(WORK TO COMPLETE) From the line with "Kylie Jenner lamenta" to the line with "Apartment Fw Moonlight", retype each line exactly as it stands in the records below, but skip the pictures.

(MATERIAL PROVIDED)
========================

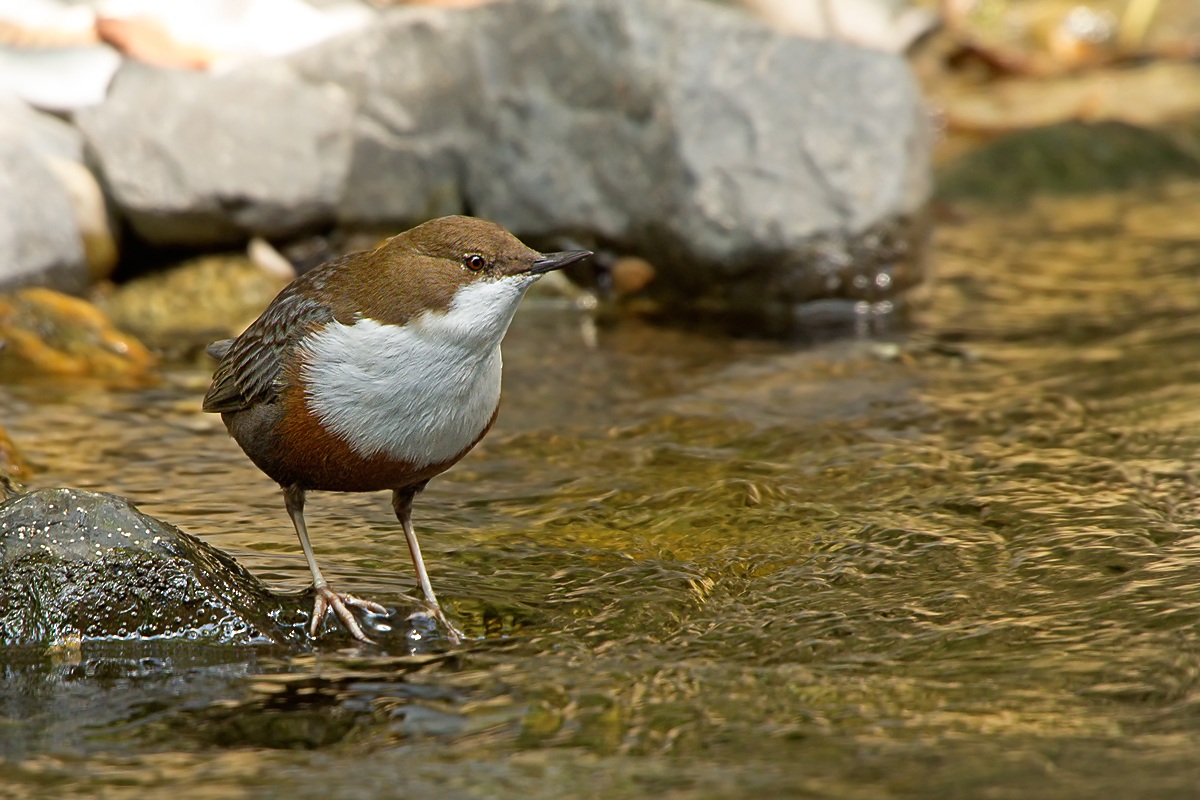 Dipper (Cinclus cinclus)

========================

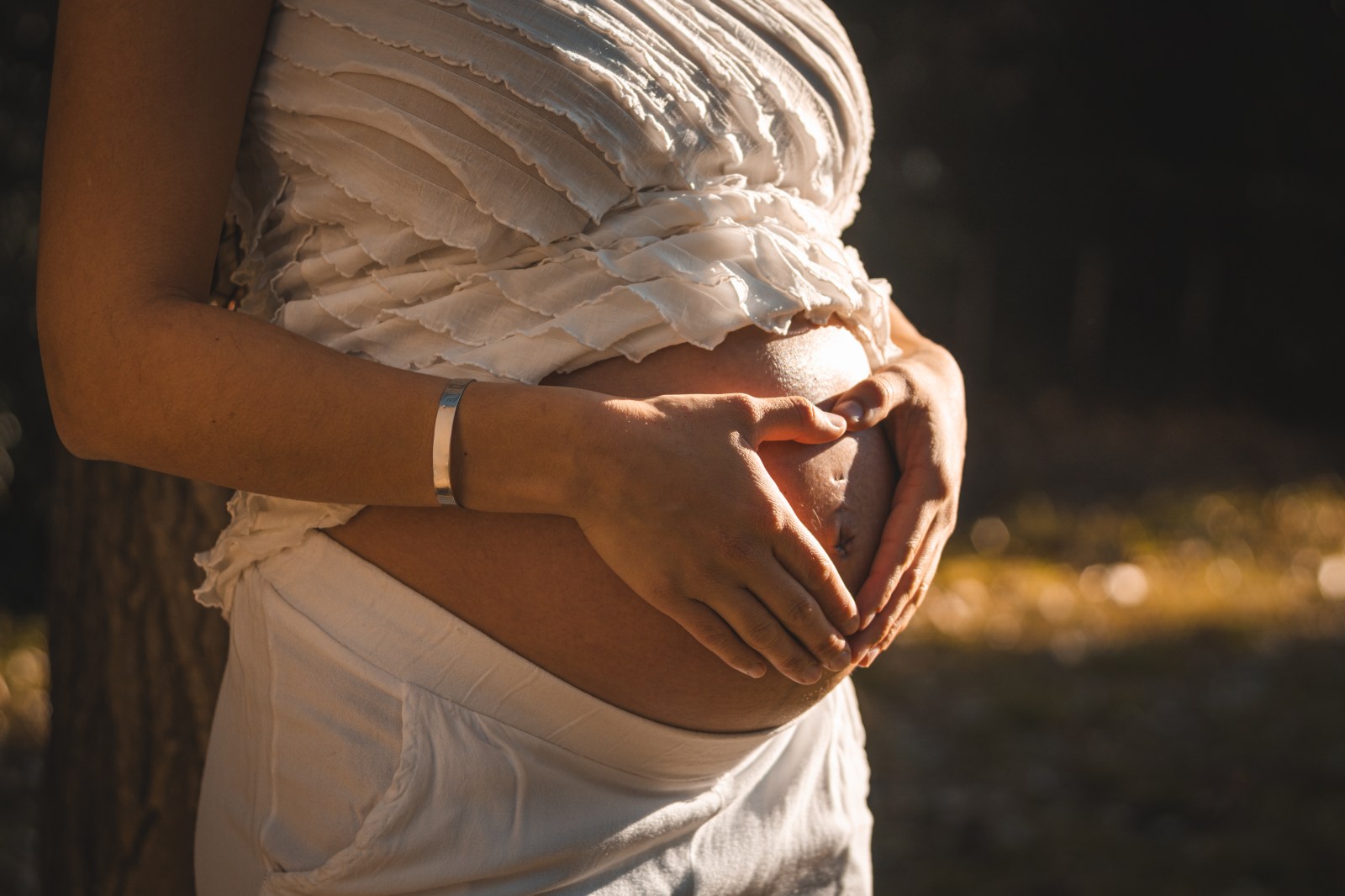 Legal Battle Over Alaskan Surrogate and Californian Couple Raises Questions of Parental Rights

========================

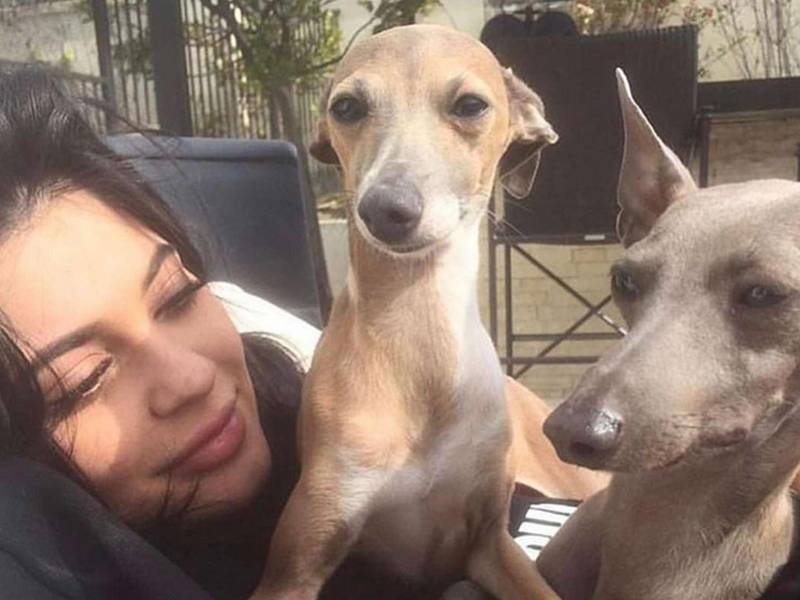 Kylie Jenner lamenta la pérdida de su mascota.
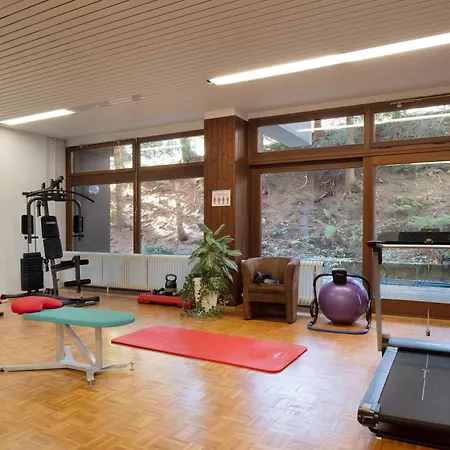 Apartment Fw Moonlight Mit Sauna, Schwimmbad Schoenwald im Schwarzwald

========================

(EXERCISE OUTPUT)
 Kylie Jenner lamenta la pérdida de su mascota.
 Apartment Fw Moonlight Mit Sauna, Schwimmbad Schoenwald im Schwarzwald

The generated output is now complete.